Task prompt. Copy the lines running from the one that contains "Mesa em vidro" to the end of the entries below, exactly and with no pictures.

= = =

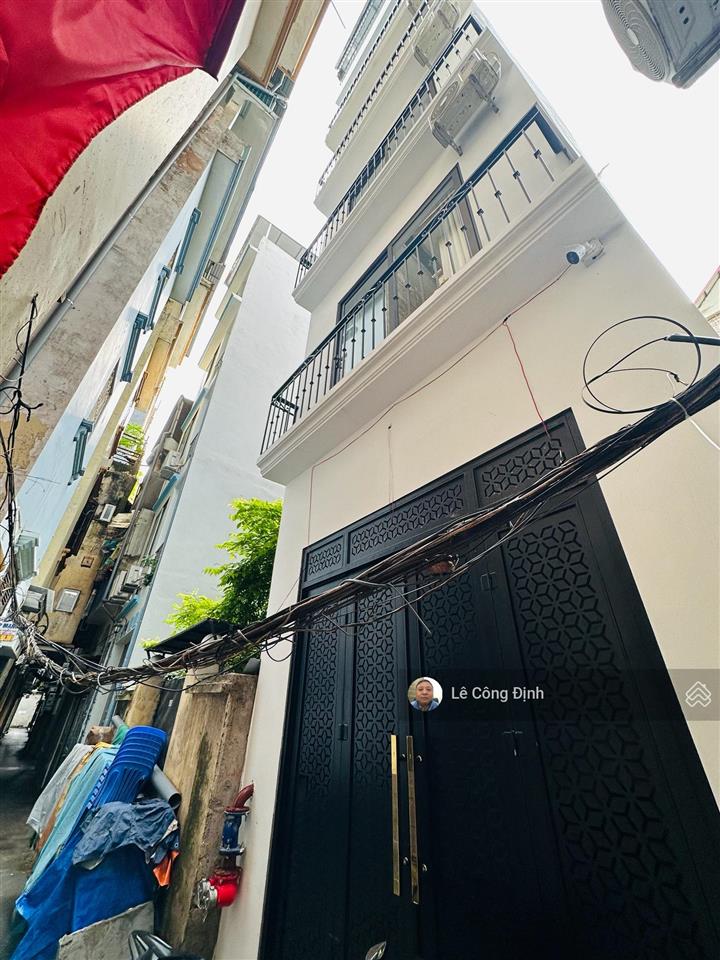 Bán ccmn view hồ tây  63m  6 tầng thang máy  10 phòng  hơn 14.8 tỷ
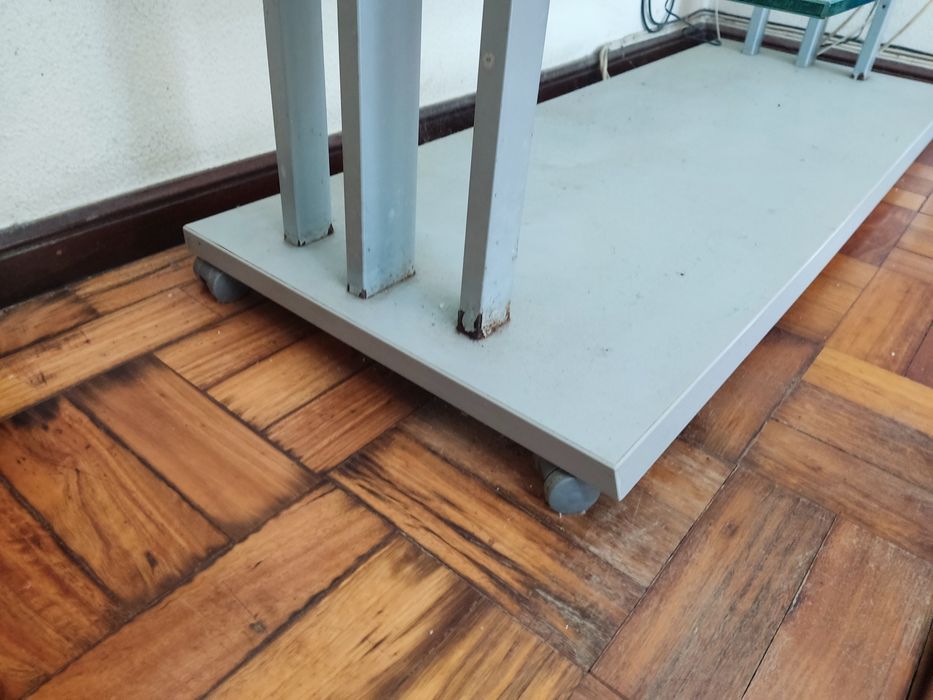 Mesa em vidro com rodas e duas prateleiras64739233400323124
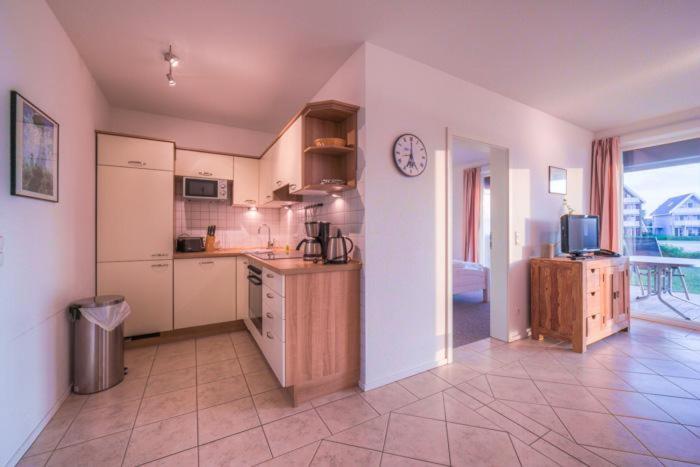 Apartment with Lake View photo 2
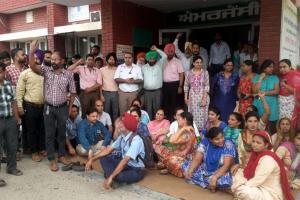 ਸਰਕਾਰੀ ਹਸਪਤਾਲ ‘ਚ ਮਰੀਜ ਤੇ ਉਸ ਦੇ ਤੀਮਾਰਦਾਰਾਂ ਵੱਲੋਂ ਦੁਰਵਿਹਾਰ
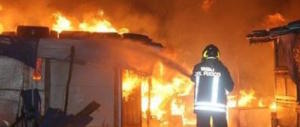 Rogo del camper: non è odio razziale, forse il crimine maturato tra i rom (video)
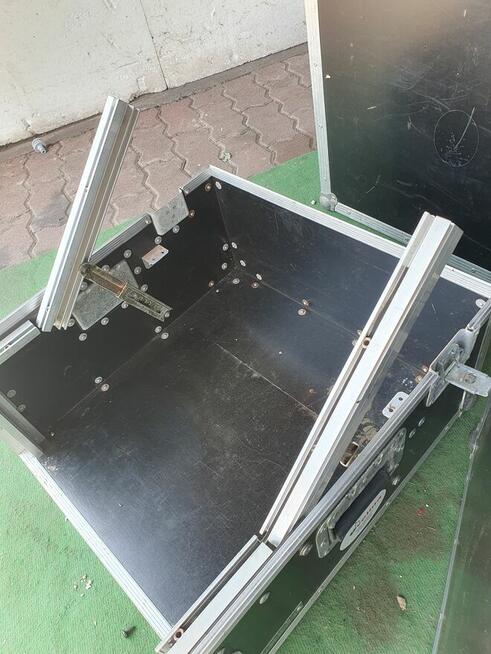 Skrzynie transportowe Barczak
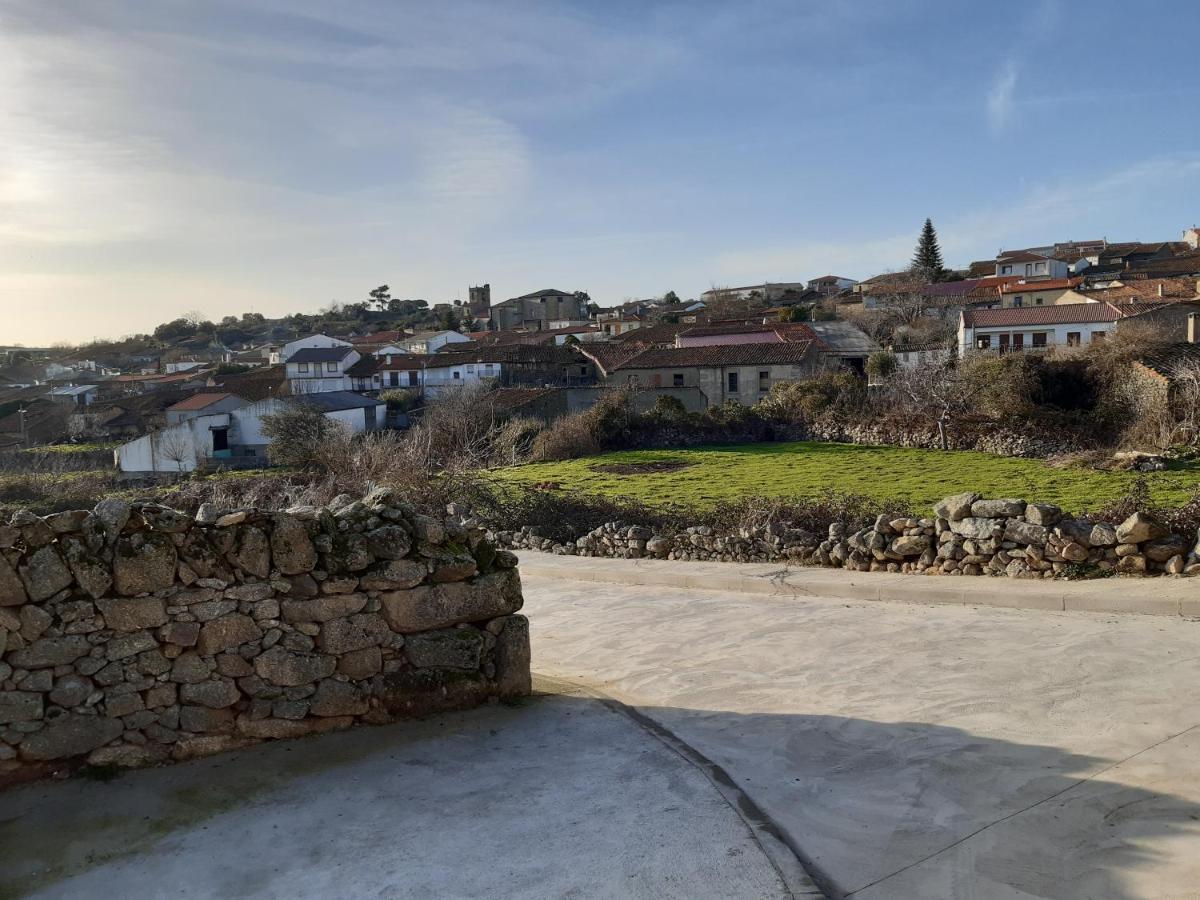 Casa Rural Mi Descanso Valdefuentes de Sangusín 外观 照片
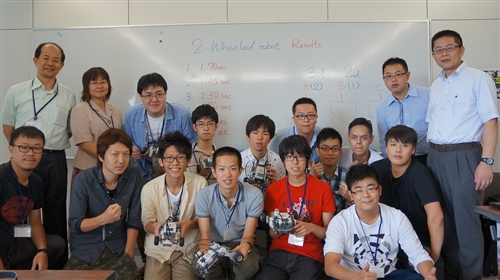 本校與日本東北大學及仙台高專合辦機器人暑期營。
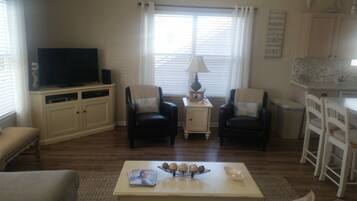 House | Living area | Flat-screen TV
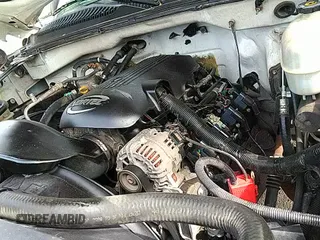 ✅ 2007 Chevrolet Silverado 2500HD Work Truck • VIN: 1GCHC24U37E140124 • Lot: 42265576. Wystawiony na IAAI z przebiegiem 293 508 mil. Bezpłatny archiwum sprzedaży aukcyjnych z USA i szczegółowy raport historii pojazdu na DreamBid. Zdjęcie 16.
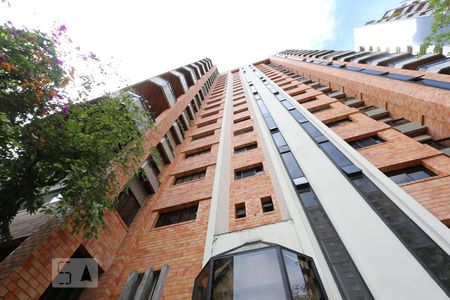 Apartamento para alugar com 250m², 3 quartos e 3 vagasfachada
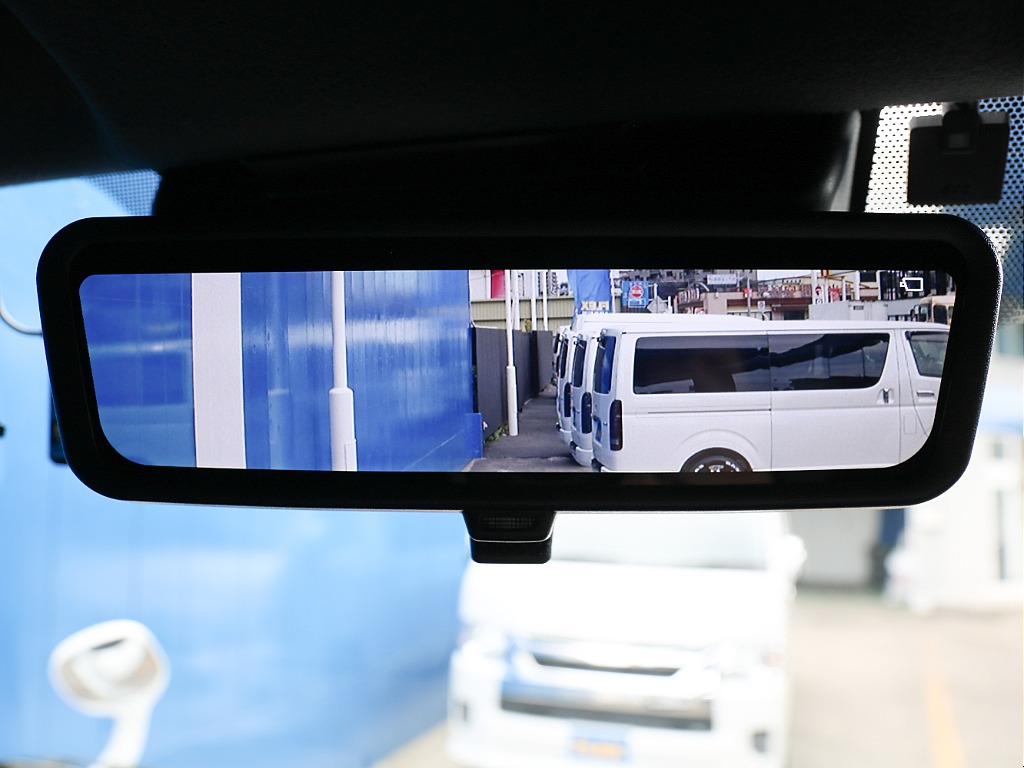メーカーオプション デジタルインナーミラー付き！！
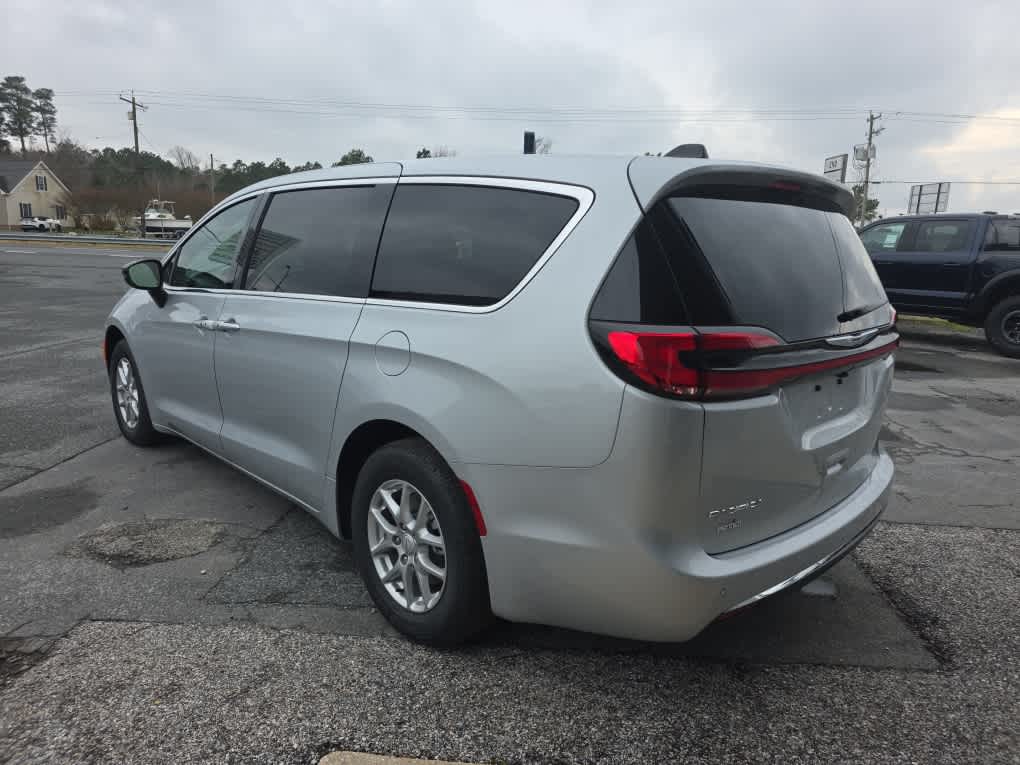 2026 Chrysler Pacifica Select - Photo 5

= = =

Expected answer.
 Mesa em vidro com rodas e duas prateleiras64739233400323124
 Apartment with Lake View photo 2
 ਸਰਕਾਰੀ ਹਸਪਤਾਲ ‘ਚ ਮਰੀਜ ਤੇ ਉਸ ਦੇ ਤੀਮਾਰਦਾਰਾਂ ਵੱਲੋਂ ਦੁਰਵਿਹਾਰ
 Rogo del camper: non è odio razziale, forse il crimine maturato tra i rom (video)
 Skrzynie transportowe Barczak
 Casa Rural Mi Descanso Valdefuentes de Sangusín 外观 照片
 本校與日本東北大學及仙台高專合辦機器人暑期營。
 House | Living area | Flat-screen TV
 ✅ 2007 Chevrolet Silverado 2500HD Work Truck • VIN: 1GCHC24U37E140124 • Lot: 42265576. Wystawiony na IAAI z przebiegiem 293 508 mil. Bezpłatny archiwum sprzedaży aukcyjnych z USA i szczegółowy raport historii pojazdu na DreamBid. Zdjęcie 16.
 Apartamento para alugar com 250m², 3 quartos e 3 vagasfachada
メーカーオプション デジタルインナーミラー付き！！
 2026 Chrysler Pacifica Select - Photo 5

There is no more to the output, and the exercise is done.